Personally, I've never really had much difficulty with the implications of predestination.
Suppose, for whatever reason, I've managed to put myself in such a position that I can know exactly what you are going to do next. I then have two choices. I can either choose not to interfere with the timeline in any way, and thus ensure that events will take place exactly as I have forseen. My other option is to interfere with the timeline, and in some way tell you what you're going to do next. You will then have two choices. You can either conform to what I have said, or perhaps seek to do something contrary to my prophecy in order to make some sort of statement to prove me wrong. Note that in both cases, you have had free will to choose what happens next. You may disagree with the conclusion, but keep in mind that this isn't too far off what we as humans are already capable of. We already have technology that allows us to go back in time without being able to interfere with the events that subsequently take place.

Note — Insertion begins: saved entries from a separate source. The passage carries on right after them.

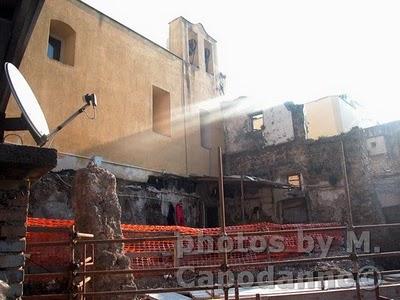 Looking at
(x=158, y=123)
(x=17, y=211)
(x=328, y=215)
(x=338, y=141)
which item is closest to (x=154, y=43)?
(x=158, y=123)

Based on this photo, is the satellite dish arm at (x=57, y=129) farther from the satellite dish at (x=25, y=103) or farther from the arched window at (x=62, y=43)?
the arched window at (x=62, y=43)

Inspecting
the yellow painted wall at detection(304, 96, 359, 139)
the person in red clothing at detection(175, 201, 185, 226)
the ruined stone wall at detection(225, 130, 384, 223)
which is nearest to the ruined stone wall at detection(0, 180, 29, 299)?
the person in red clothing at detection(175, 201, 185, 226)

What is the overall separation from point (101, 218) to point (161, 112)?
10505 millimetres

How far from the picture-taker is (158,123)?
17297 mm

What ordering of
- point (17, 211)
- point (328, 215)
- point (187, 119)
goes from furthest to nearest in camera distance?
point (187, 119)
point (328, 215)
point (17, 211)

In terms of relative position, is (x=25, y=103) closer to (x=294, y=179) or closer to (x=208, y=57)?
(x=294, y=179)

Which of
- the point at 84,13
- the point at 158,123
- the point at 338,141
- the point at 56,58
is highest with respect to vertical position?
the point at 84,13

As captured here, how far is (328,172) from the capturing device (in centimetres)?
1697

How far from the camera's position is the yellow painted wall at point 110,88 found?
12.3 meters

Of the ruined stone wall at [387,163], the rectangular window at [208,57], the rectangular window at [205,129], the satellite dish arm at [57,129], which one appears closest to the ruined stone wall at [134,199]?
the rectangular window at [205,129]

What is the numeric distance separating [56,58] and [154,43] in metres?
4.81

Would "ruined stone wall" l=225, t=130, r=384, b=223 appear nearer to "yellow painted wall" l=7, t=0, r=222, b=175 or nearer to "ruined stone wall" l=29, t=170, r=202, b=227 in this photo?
"yellow painted wall" l=7, t=0, r=222, b=175

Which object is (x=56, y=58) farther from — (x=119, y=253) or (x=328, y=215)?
(x=328, y=215)

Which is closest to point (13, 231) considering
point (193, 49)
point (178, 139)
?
point (178, 139) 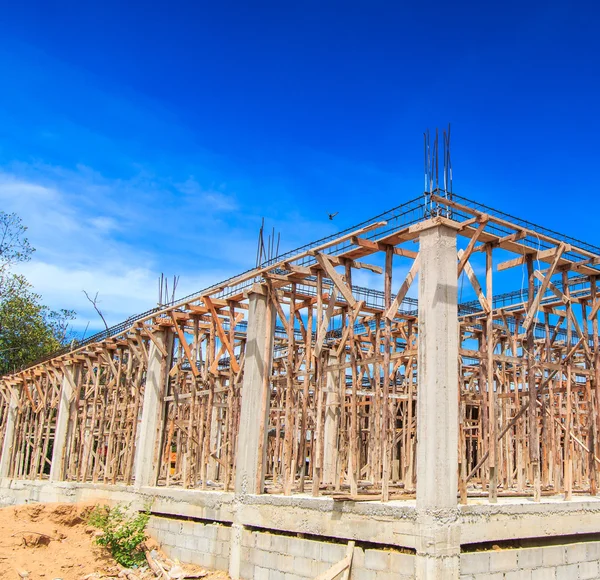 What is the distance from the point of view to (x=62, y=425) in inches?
1020


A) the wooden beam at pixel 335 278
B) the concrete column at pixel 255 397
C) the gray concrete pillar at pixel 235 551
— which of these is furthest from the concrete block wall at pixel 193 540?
the wooden beam at pixel 335 278

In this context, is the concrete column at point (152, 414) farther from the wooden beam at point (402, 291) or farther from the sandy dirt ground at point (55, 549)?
the wooden beam at point (402, 291)

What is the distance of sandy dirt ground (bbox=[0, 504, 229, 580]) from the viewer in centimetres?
1477

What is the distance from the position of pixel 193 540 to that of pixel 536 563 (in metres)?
7.92

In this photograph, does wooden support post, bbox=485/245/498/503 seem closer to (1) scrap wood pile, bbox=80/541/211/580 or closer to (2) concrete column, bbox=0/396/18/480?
(1) scrap wood pile, bbox=80/541/211/580

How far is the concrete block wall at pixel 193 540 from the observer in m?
14.7

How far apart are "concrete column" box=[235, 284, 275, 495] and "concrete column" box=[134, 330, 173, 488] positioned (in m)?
Result: 5.13

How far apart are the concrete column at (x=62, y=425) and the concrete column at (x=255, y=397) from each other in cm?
1289

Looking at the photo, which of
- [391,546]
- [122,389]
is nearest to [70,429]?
[122,389]

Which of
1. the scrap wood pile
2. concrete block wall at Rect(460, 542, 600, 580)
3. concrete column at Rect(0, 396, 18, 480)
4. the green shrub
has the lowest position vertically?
the scrap wood pile

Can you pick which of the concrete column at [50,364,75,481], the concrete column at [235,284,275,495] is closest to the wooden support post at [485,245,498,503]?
the concrete column at [235,284,275,495]

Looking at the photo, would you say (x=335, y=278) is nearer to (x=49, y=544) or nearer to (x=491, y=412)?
(x=491, y=412)

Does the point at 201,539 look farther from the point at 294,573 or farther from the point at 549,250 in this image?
the point at 549,250

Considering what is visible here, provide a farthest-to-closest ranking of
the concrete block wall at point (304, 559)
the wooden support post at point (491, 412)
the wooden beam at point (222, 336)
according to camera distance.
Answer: the wooden beam at point (222, 336) < the wooden support post at point (491, 412) < the concrete block wall at point (304, 559) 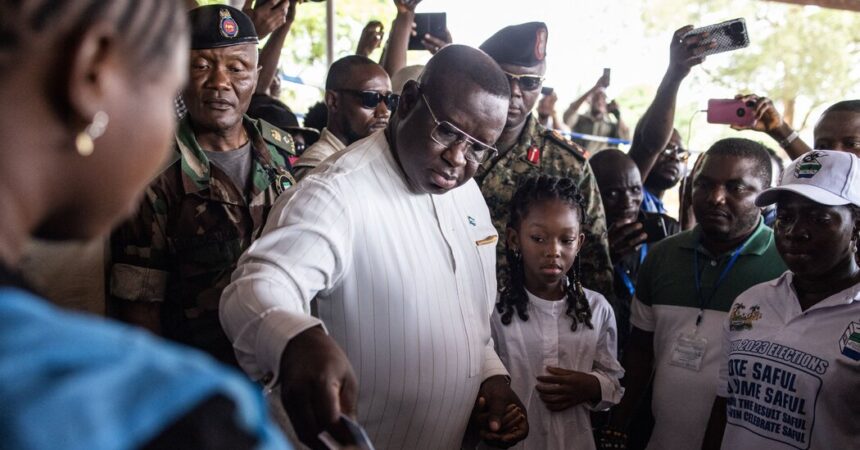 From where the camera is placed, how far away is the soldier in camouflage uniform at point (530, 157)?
11.1 feet

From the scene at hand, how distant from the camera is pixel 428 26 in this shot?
512 centimetres

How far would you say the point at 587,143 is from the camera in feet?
27.6

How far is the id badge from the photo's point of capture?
298cm

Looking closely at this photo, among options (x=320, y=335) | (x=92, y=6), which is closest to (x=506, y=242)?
(x=320, y=335)

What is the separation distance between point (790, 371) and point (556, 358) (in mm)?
820

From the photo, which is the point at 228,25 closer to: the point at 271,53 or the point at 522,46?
the point at 522,46

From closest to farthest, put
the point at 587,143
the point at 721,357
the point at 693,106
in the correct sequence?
the point at 721,357
the point at 587,143
the point at 693,106

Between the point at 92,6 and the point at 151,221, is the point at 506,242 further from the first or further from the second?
the point at 92,6

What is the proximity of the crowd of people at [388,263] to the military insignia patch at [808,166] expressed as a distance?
1 centimetres

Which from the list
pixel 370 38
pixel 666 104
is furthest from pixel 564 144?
pixel 370 38

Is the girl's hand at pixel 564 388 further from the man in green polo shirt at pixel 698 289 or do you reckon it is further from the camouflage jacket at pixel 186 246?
the camouflage jacket at pixel 186 246

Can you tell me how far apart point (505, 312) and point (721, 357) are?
2.81ft

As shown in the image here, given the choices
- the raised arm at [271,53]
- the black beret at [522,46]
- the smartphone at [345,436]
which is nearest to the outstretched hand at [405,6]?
the raised arm at [271,53]

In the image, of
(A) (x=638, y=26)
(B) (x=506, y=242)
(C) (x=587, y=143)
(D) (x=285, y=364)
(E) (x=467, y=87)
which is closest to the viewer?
(D) (x=285, y=364) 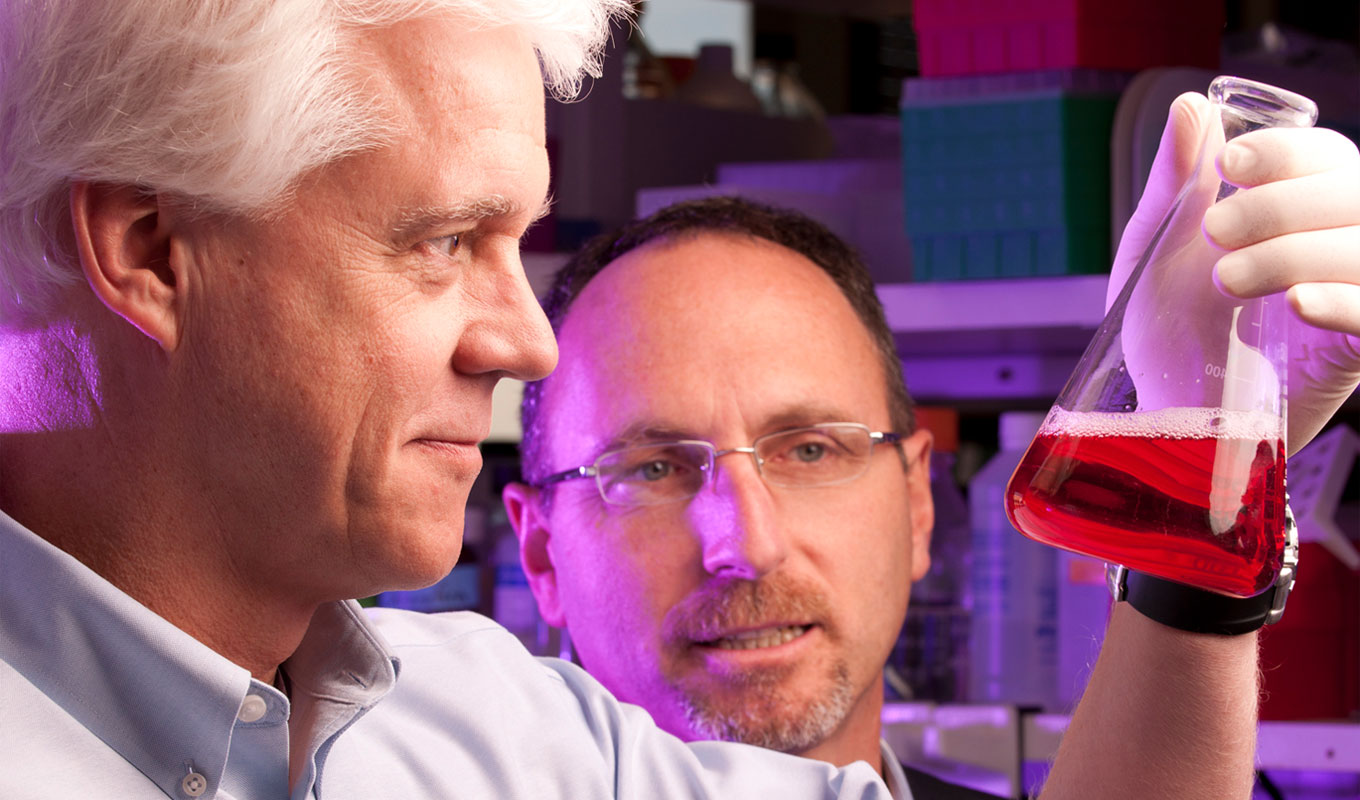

I think that the actual issue that Christians struggle with concerning predestination is what follows should this argument be taken to its logical conclusion: That sometimes, God does interfere with the timeline, and does tell people what is going to happen in the future. Following that, events happen exactly as they are described. The reason why Christians struggle with this is obvious: How can you claim to have free will if God tells you what you are going to do, freely, and you cannot possibly make things happen another way?
Personally, I don't have a problem with this either. Suppose God does tell you about the future. In this case, I feel inclined to believe that it would be inconsequential whether or not God told you about the future. In this scenario, I subscribe to the belief that it would be safe for God to let you know what you are going to do if God were certain that it wouldn't affect the outcome. I like to imagine playing around with an Excel spreadsheet in order to figure out what would happen in certain situations. Suppose God is playing with a cosmic spreadsheet and figures that nothing would change regardless of whether or not He told you about the future. God can then make a choice about whether or not to tell you, without any adverse consequence. The two possible resulting timelines would of course need to be extremely close to one another to make God's decision to interfere inconsequential.
Of course, God can also choose to not tell you what He knows will happen in the future.
In both of the above situations, you can still claim to have had the free will to do whatever you please, and you are therefore responsible for your own actions.
Well, that is why I personally don't struggle with the implications of predestination. I suppose I would start to struggle if I were to consider what would happen if God knew the future, knew that disseminating that information would in fact change the timeline in some way not related to the revelation, and then proceed to go ahead and disseminate that information. I suppose I shall leave that scenario as an open question - what do you think? In this scenario, God is purposefully changing the future by informing people about it, either for our benefit or for His. Would that be cheating?